= The stack (philosophy) =

Model for understanding the internet and computers as a global megastructure.

The stack is a concept used in science and technology studies, the philosophy of technology and media studies to describe the multiple interconnected layers that computation depends on at a planetary scale. The term was introduced by Benjamin H. Bratton in a 2014 essay and expanded upon in his 2016 book The Stack: On Software and Sovereignty

== Stacks and layers ==
The term draws upon the concept of the stack in programming and the layered architecture of the Internet Protocol. Different scholars have proposed different layers that make up the stack, often depending on their area of interest such as a specific cultural context (ie. Chinese or European internet) or a specific technology (ie. artificial intelligence, self-driving cars). The term has also been used to describe a model for ensuring diversity in the digital humanities.
=== Benjamin Bratton's six layers ===
Bratton's model, as described and illustrated in The Stack: On Software and Sovereignty, consists of six interconnected layers: earth, cloud, city, address, interface and the user—that together form a planetary-scale computational architecture he calls “The Stack.” The model is proposed as an “accidental megastructure” through which computation reshapes political geography and sovereignty. Critics have highlighted the book’s significance for debates in political theory, design, and media studies.

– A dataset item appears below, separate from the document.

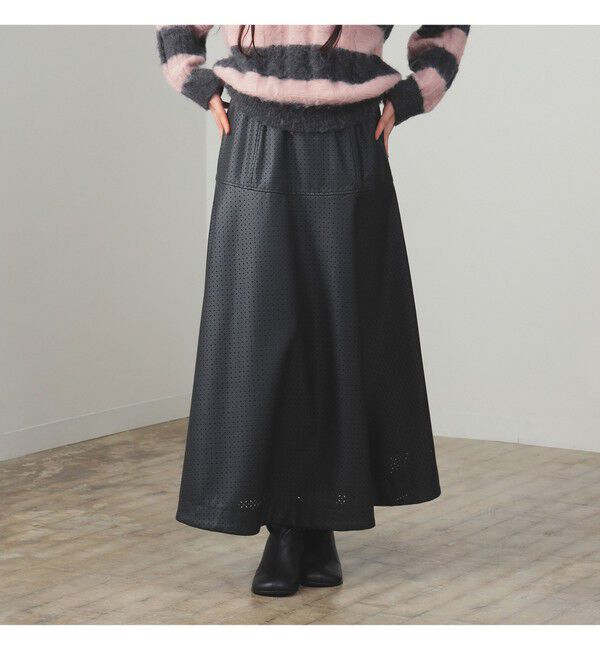 Ray BEAMS 「フェイクレザー パンチング スカート」|スカート|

1. Earth: Computing requires materials mined from the earth and energy that is often generated by oil or coal, producing electronic waste. This layer provides the building blocks of the global digital stack.
2. Cloud: Global, usually corporate technology services like Google, which have a type of power Ian Bogost calls a "weird sovereignty".
3. City: The lived experience of physically interacting with the global computer network in daily life, often discussed in relation to smart cities.
4. Address: Identification of individual users and objects and its use for management and control.
5. Interface: How users are connected to computers and systems.
6. The user: The actual humans (and nonhumans) that interact with computers and computational systems.

=== Layers in "the Chinese stack" ===
Gabriele de Seta has proposed three additional layers to describe "the Chinese stack", which is not limited to the borders of China but is entwined with planetary networks. These layers maintain the focus on planetary computing and the internet as a global system, but support analysis of the connections and lack thereof between parts of the internet, as well as how it relates to power.

1. Gateways: interfaces between systems allowing different types of data to be connected. QR codes are an example.
2. Sieves: filters, blacklists, verification systems and regulations that provide access to parts of the internet to some users.
3. Domes: enclosures that aim to control parts of the internet by shutting off access to the rest of the stack.

=== Haroon Sheikh's layers ===
In an article on European digital sovereignty, Haroon Sheikh uses layers inspired by Bratton's: the resource layer, the chips layer, the network layer, the cloud layer, the intelligence layer, the applications layer and the connected device layer. Sheikh describes Bratton's layers as coming from a "more speculative philosophical approach", while Sheikh considers his own analysis to be more pragmatic in that it aims to understand the digital capacities of the European Union. As such, it follows industry distinctions and leaves out users while keeping the basic idea of a layered stack.

== Governance and power ==
The layered framework of the stack is used to analyze how power, control and governance are enacted globally through technology. The stack has been used in the fields of economics and business to explain the connections between technology and global capitalism.

Bratton discusses how sovereignty changes with global structures like the stack. Namely, there is a shift from territorial or national sovereignty, where a geographically defined nation rules itself, to a system where a global corporation like Google can operate as a global sovereign. This builds on Michel Foucault's theories of governmentality and power, and Bratton's book has been described as possible to read as "a Foucaudian toolkit that lifts out the useful parts".

== Reception ==
Although Bratton's book has been criticised as overly long and complex, the term is used in scholarship on the internet. In his critical essay "Stacktivism" (a reference to the pejorative term slacktivism) Geert Lovink describes the book as a "media theory classic" that is "inspiring to disagree with." Lovink further argues that the term "the stack" has become a "general container concept, in danger of becoming an empty signifier". Lovink also argues that, rather than a singular stack, the concept should be expanded into "a rainbow of a thousand stacks", such as Tiziana Terranova's "red stack" or the "green stack" aiming to reduce the extreme energy use of blockchain and data centres.